The National Mental Health Hotline is here for you if you are struggling with anxiety, fear or full-blown panic attack. We will not dismiss your situation, and our compassionate staff will assist you. Feel free to call 866-903-3787 at any time of the day or night.
Panic attacks are a real condition. Unfortunately, until recently, they were often dismissed, and it was difficult for sufferers to find the help they need. People dealing with this condition would typically cope by avoiding activities, situations and even loved ones to prevent triggers or embarrassment. Yet by doing so, they also avoided the very things that make life worthwhile. While panic attacks are debilitating, unnerving and frightening, please be aware that help is available. You don’t have to go through this alone. You can reach out for help.
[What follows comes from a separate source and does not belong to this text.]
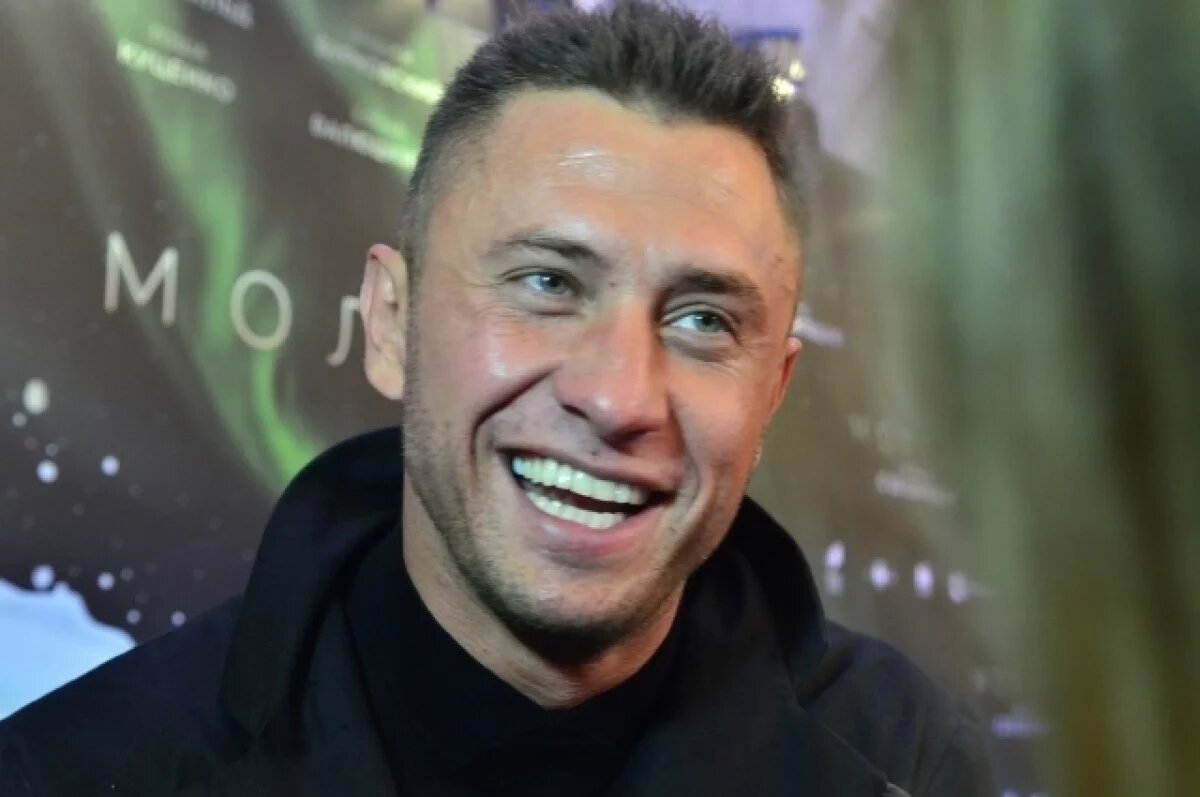    Актеру из Новосибирска Павлу Прилучному исполнилось 37 лет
Understand that the operators at The National Mental Health Hotline will connect you to resources to help you understand and effectively manage your panic attacks. When you call our hotline, we can discuss your symptoms and provide potential treatment options that will help you mitigate your condition.
What Is a Panic Attack?
A panic attack is typically an episode of absolute terror. A person feels such intense fear or anxiety that they cannot function. The feelings are accompanied by physical effects that can be debilitating. People who experience these have said it felt like a heart attack. Symptoms can be very severe and feel life-threatening. They include:
• Feelings of intense fear
• Shortness of breath and difficulty breathing
• Feeling as though you’re choking
• Chest pain
• Rapid heartbeat as well as heart palpitations
• Trembling or shaking
• A feeling of impending doom
• After effects that make it hard to sleep
Panic attacks have long-lasting effects that continue even after the attack itself seems to be over. Because of this, a person who has experienced a panic attack may be debilitated or suffer continuing problems even when he or she doesn’t seem to have any more symptoms. For example, sleeplessness may occur as the person replays the episode over and over in their head.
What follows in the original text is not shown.